The AUD/USD has enjoyed an impressive recovery since the turn of the year. It has climbed from around 0.72 to a high of above 0.75 so far. But the good run of form may be about to end as it tests an in important resistance area ahead of upcoming key fundamental events: top tier Chinese economic data and Donald Trump’s inauguration.

China is Australia’s largest trading partner and so if the latest economic figures – due for release in the early hours of Friday – deviate significantly from expectations then we may see the Aussie move correspondingly sharply. The world’s second largest economy is expected to have grown by 6.7% in the final quarter of last year compared to the same quarter of 2015. If correct, growth would be unchanged from Q3. Meanwhile, industrial production is expected to have eased to 6.1% year-over-year in December from 6.2% the previous month. The other important numbers to watch form China include fixed asset investment and retail sales.

But the elephant in the room is Donald Trump’s inauguration tomorrow. The US President-elect’s speech will likely move the dollar and stocks sharply as my colleague James Chen wrote in his preview HERE. Ahead of the inauguration, the dollar has been bought today against most currencies – as traders probably anticipate to hear ambitious spending plans from Trump – though not so much against the Aussie so far. But that could change during the Asian session overnight. As well as Trump’ inauguration, the dollar has been boosted further by the latest US macro pointers, which have been solid. Jobless claims fell while building permits and housing starts rose, as too did the Philly Fed Manufacturing Index. From Australia, the latest jobs numbers, released overnight, were mixed with the unemployment rate unexpectedly rising to 5.8% even as total employment rose by a larger-than-expected 13,500.

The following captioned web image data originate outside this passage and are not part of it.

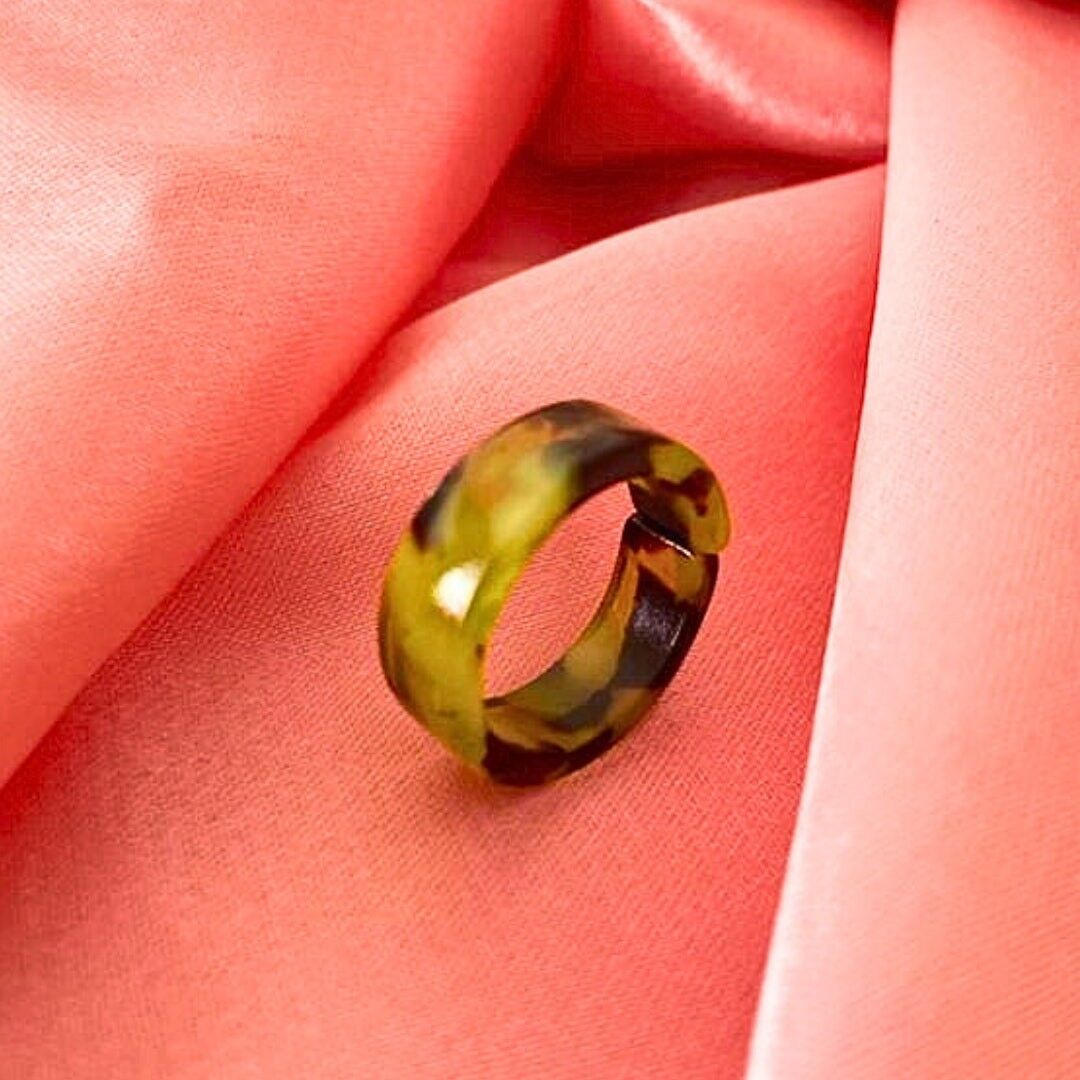 Bague acrylique verte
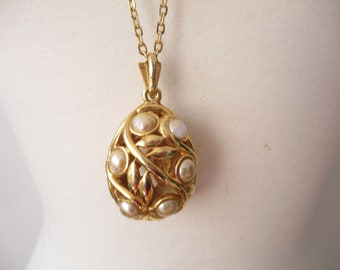 Vintage  Large Oval Gold Pearl Pendant Necklace , Glam Pendant Retro Jewelry 1990s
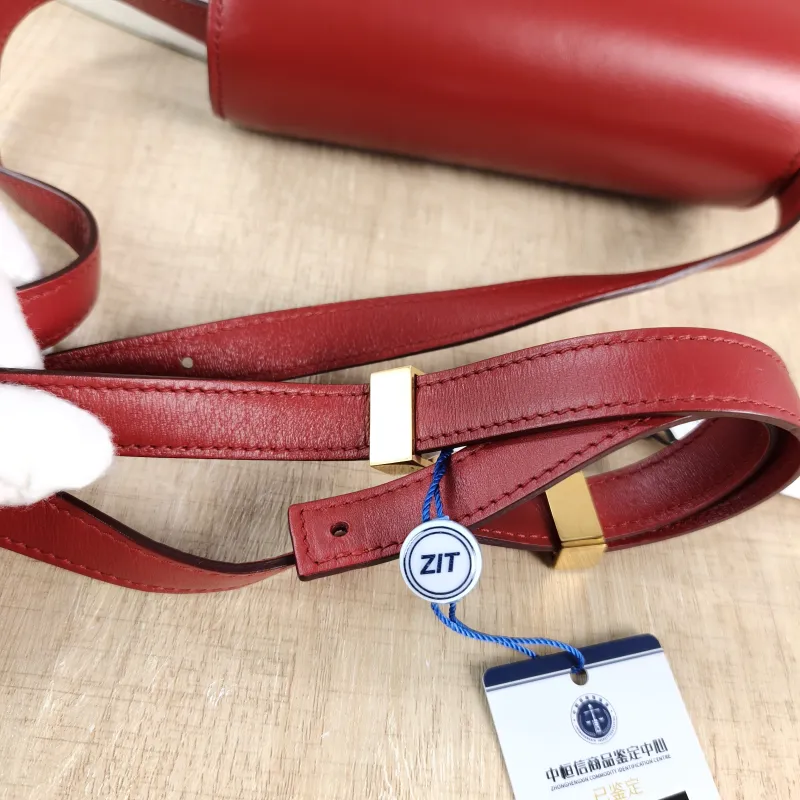 CELINE Crossbody Bag Classic Box Red Calfskin Mini 16 × 7 × 13 cm Conditioned — detail view 9 of 11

Ahead of the abovementioned fundamental events, the AUD/USD has arrived at a key resistance area, namely between 0.7560 and 0.7580. This area marks the last swing low prior to the rally that ultimately failed to clear that 0.7750-80 resistance zone. Previously support, the 0.7560-0.7580 area is the new resistance range: three attempts in as many days to break higher have all failed so far.

Interestingly, the price action leading up to this 0.7560-0.7580 resistance area looks very similar to price action prior to the last big downswing at the end of last year. If this price pattern is anything to go by then the Aussie could potentially drop again and this time go below 0.70 in the coming weeks. For this potential move to come to fruition, the sellers will first and foremost need to see a break back below the pivotal 0.7500 handle, where we also have the 200-day moving average residing. Once this condition is met then the path of least resistance would be to the downside again (as the move above the 200 MA would be considered a false break). Until that happens though, the bears will need to be nimble as the AUD/USD could just as easily break the abovementioned 0.7560/80 resistance area before potentially staging a more significant recovery. But for now, I am leaning more towards the bearish argument given the extended bullish run into a key resistance area.